The Rise of the Thug Left

History tells us that when socialist countries start to run out of other peoples’ money to fund their hair-brained ideas and to give away to their supporters, they begin to use force and violence to enforce their will. This process is well under way in Greece, and is rising rapidly in America. We must recognize what is happening and fight back. Whether or not you like her, we must also all support Sarah Palin any way we can, because she is the main focus for the mindless hatred of the leftists, who attack and slime her mercilessly. A creep has now moved next door to her family home in Wasilla in order to harass her.

The Rise of the Thug Left

By J.R. Dunn June 03, 2010 American Thinker

Times are tough. Actually, they're getting tough in a lot of places. They proved very tough for Hamas operatives in the Eastern Mediterranean last weekend. They were tough in poor Balto as well, with seven people shot to death. (Baltimore should be one of the jewels of the East Coast, but of course, it's no such thing. I wonder who's been running the place the last century.) It was nearly as tough in Chicago, with twelve shot and three dead. But when has there ever been good news from the Windy City?

But none of these, however bad they may be, have the potential to shake up the political system the way Obama's more feisty allies have been doing over the past year or so.

On Sunday, May 16, a gang of close to five hundred purple shirts (that is, members of the Service Employees International Union, reinforced by something called National Political Action) surrounded the Silver Spring, Maryland home of Greg Baer, corporate law counsel for Bank of America. They claimed to be carrying out a "protest" of the bank's foreclosure policies. That was the excuse for surrounding Baer's home, trampling his lawn, occupying his front porch, and creating an uproar audible throughout the entire neighborhood.

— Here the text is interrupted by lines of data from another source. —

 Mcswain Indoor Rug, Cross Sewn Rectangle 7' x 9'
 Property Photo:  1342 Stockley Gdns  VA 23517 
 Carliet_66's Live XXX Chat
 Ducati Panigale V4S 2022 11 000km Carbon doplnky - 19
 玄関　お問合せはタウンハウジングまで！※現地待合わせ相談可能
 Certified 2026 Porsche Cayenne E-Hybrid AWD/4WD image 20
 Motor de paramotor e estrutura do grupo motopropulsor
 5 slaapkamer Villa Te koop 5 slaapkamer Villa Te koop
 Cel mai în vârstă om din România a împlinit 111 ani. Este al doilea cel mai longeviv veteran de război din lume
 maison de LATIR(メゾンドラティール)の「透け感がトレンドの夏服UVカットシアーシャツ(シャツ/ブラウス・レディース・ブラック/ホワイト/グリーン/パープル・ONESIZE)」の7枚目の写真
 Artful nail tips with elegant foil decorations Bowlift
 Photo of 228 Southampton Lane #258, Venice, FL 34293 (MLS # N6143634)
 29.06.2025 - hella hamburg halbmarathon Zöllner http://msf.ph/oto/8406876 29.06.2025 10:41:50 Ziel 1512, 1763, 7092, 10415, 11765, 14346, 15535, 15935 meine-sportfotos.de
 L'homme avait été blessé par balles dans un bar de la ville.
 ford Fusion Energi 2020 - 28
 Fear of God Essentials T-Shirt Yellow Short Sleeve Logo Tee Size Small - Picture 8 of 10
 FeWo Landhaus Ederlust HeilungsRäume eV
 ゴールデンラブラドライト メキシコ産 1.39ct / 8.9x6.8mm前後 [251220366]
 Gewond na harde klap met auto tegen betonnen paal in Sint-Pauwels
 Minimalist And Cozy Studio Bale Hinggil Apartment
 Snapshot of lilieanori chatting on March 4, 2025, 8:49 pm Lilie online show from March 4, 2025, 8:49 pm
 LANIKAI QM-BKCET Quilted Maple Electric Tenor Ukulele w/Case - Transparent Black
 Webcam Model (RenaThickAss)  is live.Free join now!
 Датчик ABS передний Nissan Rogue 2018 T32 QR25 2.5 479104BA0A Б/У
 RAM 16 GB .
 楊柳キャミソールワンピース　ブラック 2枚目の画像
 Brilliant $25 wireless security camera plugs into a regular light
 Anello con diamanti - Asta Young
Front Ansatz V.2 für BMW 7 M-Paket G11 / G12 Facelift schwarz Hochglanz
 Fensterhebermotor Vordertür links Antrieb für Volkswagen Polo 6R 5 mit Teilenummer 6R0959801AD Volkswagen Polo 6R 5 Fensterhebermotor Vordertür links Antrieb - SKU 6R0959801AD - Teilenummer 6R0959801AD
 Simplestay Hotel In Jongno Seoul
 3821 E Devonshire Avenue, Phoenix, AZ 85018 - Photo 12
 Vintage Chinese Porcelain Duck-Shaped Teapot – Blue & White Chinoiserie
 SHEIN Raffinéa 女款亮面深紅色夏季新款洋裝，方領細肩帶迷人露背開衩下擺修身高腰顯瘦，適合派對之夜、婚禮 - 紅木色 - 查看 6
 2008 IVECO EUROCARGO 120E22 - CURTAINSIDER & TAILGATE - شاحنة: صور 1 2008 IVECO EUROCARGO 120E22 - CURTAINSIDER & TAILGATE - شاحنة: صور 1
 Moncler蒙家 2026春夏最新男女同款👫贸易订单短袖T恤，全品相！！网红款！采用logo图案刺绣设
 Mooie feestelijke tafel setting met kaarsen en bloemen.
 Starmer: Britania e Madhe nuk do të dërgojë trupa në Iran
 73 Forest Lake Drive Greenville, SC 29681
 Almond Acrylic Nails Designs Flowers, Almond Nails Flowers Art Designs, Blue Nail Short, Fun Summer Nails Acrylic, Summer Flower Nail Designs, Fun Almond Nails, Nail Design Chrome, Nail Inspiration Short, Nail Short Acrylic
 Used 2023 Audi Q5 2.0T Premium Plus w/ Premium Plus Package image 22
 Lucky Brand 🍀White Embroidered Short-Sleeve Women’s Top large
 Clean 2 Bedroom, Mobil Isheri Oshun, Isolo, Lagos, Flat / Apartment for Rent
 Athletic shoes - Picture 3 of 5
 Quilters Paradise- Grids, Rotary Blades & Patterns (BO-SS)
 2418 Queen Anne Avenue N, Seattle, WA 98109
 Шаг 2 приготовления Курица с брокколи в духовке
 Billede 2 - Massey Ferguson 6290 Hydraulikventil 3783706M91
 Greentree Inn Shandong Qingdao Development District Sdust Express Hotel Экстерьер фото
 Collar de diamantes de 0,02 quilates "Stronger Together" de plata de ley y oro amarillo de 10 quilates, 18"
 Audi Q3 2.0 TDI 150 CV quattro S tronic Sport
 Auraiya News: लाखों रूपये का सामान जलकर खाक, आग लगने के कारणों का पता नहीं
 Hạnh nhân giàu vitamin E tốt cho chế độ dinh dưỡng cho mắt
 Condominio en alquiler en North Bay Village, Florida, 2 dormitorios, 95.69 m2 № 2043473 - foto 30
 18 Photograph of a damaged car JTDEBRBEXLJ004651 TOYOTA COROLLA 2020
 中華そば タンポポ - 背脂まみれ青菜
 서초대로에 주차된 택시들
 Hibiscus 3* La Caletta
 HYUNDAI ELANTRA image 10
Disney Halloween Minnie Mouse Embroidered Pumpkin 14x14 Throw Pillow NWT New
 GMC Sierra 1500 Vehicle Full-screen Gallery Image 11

Baer was not home. The only person present was his fourteen-year-old son, who, overcome with fear, locked himself in the bathroom. On returning home, Baer made his way through the mob to rescue his son, suffering near-assault in the process. At no point did the police attempt to control the mob or order them to leave the property. In fact, evidence exists that District of Columbia police actually escorted the mob to the Baer's home. Coincidentally, the SEIU owes almost $100 million to the Bank of America.

This is the third example of blatant violence -- and yes, terrorizing a young boy is violence -- by administration supporters since last summer. (While other incidents have occurred, going back to the Black Panthers menacing voters in Philly, these are the most blatantly violent.) The first was the case of Kenneth Gladney, who in St. Louis on August 6 last year was selling buttons and flags (identified as Gadsden flags, with the rattler and "Don't Tread on Me" slogan, one of the minor ironies of the incident) outside a town hall meeting being held by Democrat Congressman Russ Carnahan. The SEIU, ubiquitous at Democratic events these days, showed up to confront Gladney and demanded to know what "kind of shit" he was selling, along with calling him a nigger. (This from another black, which of course makes it okay.) Gladney's answers were evidently unsatisfactory, and he was then beaten, knocked down, and stomped on, suffering injuries that required hospital treatment. (The purple shirts were identified from video footage. All of them pleaded not guilty this past April 20 -- justice moves frighteningly fast in Missouri.)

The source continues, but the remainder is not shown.